A typical robot env constructor looks like:
class MyRobotSim(GazeboBaseEnv):
def __init__(self, **kwargs):
super().__init__(
robot_name="my_robot",
robot_model_xml=load_urdf("my_robot_description"),
robot_pos_x=0.0,
robot_pos_y=0.0,
robot_pos_z=0.0,
robot_ori_w=1.0, # NOT 0.0 — see env_templates
ros_controllers_list=["my_arm_controller", ...],
**kwargs,
)
3. Implement the task env
The task env extends your robot env and defines the gymnasium contract. Required overrides:
_get_obs()— return the observation array (or dict for goal envs)._set_action(action)— apply the action to the robot._check_if_done()— terminal-condition check._compute_reward(achieved_goal, desired_goal, info)for goal envs, or_get_reward()for non-goal envs._set_init_pose()— task-side reset (e.g. randomise target, reset object positions).
The base class also wants you to declare observation_space and
action_space in __init__. Use gymnasium.spaces.Box (with
seed= for reproducibility) or Dict for goal envs.
For reward design tips, examine
rl_environments/src/rl_environments/rx200/sim/task_envs/reach/
rx200_reach_sim.py — it shows distance-to-target reward with
optional sparse/dense modes.
4. Register with gymnasium
In your package’s __init__.py:
from gymnasium.envs.registration import register
register(
id="MyRobotReachSim-v0",
entry_point="my_pkg.task_envs.my_robot_reach_sim:MyRobotReachSim",
max_episode_steps=200,
)
5. Smoke test
Without involving SB3, confirm the env runs end-to-end:
import rospy
from multiros.utils import gazebo_core
import uniros as gym
import my_pkg # triggers gymnasium.register
gazebo_core.launch_gazebo(launch_roscore=True, gui=True)
rospy.init_node("smoke_test")
env = gym.make("MyRobotReachSim-v0")
obs, info = env.reset(seed=0)
for _ in range(100):
obs, reward, term, trunc, info = env.step(env.action_space.sample())
if term or trunc:
obs, info = env.reset()
env.close()
If the env runs cleanly here, plug it into a training script — see Training a model.
Configuration via YAML
Production envs typically read their hyperparameters (timesteps,
reward coefficients, action limits) from a YAML file under
config/<env>_config.yaml. Look at
rl_environments/config/rx200_reach_task_config.yaml for a
template. Loading the file:
from multiros.utils.ros_common import ros_load_yaml
ros_load_yaml(pkg="my_pkg", file="config/my_task_config.yaml")

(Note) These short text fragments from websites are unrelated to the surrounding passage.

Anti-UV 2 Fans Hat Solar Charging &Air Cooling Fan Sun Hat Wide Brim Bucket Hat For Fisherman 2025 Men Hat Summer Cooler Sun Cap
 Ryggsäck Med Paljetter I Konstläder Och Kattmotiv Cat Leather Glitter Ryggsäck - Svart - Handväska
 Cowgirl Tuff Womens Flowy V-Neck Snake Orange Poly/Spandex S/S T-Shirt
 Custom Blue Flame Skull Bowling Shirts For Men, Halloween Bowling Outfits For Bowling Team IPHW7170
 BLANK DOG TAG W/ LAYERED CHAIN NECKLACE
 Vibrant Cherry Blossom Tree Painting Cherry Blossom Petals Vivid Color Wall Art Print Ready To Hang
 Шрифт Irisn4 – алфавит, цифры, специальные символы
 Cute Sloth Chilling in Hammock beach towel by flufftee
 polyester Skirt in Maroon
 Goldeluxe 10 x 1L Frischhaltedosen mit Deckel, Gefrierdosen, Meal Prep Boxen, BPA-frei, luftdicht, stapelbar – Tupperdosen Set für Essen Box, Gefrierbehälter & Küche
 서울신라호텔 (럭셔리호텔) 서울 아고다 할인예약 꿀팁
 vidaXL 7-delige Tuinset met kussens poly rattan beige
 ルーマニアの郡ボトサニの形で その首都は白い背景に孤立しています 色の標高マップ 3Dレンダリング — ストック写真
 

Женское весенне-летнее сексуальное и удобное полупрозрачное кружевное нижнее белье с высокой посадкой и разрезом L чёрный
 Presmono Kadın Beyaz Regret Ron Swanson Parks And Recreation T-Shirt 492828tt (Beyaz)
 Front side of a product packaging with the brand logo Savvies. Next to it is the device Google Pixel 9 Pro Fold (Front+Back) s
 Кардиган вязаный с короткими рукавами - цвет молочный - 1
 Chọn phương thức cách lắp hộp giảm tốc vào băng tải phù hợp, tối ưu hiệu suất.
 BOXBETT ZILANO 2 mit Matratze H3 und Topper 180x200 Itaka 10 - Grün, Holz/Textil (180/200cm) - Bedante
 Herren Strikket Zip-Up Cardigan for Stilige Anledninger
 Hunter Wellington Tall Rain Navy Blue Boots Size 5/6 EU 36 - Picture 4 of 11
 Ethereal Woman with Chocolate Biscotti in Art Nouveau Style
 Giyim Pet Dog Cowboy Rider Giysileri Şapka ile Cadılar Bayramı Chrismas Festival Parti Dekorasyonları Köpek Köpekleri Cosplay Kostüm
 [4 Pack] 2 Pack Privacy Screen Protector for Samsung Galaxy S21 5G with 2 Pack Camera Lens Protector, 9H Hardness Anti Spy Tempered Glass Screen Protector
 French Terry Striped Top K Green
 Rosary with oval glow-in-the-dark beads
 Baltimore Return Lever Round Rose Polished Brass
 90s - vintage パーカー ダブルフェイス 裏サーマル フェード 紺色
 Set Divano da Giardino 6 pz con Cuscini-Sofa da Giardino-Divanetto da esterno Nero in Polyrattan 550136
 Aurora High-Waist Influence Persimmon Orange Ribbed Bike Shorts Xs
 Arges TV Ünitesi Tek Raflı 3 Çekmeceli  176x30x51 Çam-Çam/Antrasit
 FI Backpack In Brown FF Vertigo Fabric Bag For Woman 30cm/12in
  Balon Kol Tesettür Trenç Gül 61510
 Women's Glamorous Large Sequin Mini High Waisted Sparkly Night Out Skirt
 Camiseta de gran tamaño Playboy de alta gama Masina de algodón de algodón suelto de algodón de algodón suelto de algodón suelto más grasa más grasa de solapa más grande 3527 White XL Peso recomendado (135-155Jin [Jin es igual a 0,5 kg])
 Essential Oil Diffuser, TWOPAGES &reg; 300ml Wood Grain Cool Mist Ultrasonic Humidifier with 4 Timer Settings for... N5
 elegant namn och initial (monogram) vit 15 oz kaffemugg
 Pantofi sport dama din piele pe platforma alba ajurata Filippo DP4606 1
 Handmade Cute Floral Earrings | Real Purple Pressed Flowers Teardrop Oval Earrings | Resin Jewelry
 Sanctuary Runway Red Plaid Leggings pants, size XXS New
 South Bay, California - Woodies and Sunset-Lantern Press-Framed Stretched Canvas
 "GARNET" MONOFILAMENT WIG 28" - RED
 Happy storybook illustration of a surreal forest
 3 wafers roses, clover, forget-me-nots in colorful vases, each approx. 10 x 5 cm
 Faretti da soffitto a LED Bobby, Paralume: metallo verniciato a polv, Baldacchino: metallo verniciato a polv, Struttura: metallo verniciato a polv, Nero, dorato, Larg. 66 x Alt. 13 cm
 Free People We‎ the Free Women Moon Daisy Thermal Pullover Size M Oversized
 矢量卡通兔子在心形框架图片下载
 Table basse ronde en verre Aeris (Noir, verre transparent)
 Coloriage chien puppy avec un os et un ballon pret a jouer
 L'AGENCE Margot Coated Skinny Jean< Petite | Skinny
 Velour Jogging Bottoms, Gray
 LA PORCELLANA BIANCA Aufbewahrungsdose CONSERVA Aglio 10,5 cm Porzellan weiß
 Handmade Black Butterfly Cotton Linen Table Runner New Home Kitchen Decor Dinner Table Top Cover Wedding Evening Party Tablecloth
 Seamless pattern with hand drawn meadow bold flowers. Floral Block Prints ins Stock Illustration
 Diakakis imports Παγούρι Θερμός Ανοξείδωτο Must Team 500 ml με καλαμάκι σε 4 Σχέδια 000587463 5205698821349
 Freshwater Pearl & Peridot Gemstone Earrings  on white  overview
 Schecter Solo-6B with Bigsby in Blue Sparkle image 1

self.reward_coefficient = rospy.get_param("my_task/reward_coefficient")
Common pitfalls
Gazebo physics multiplier. If you set
gazebo_update_rate_multiplierabove 1.0 in your config, the simulator runs faster than wall-clock — which breaks any agent loop paced by wall time. Keep it at1.0unless you’ve consciously redesigned the timing.Quaternion default.
robot_ori_w=0.0is a zero quaternion; use1.0for identity.Seed leakage. Use
self.np_random(populated by the base class viasuper().reset(seed=seed)), notnp.random.Stuck on reset. If reset hangs forever, check that your ROS controllers actually report
runningand thatwait_for_servicecalls have timeouts.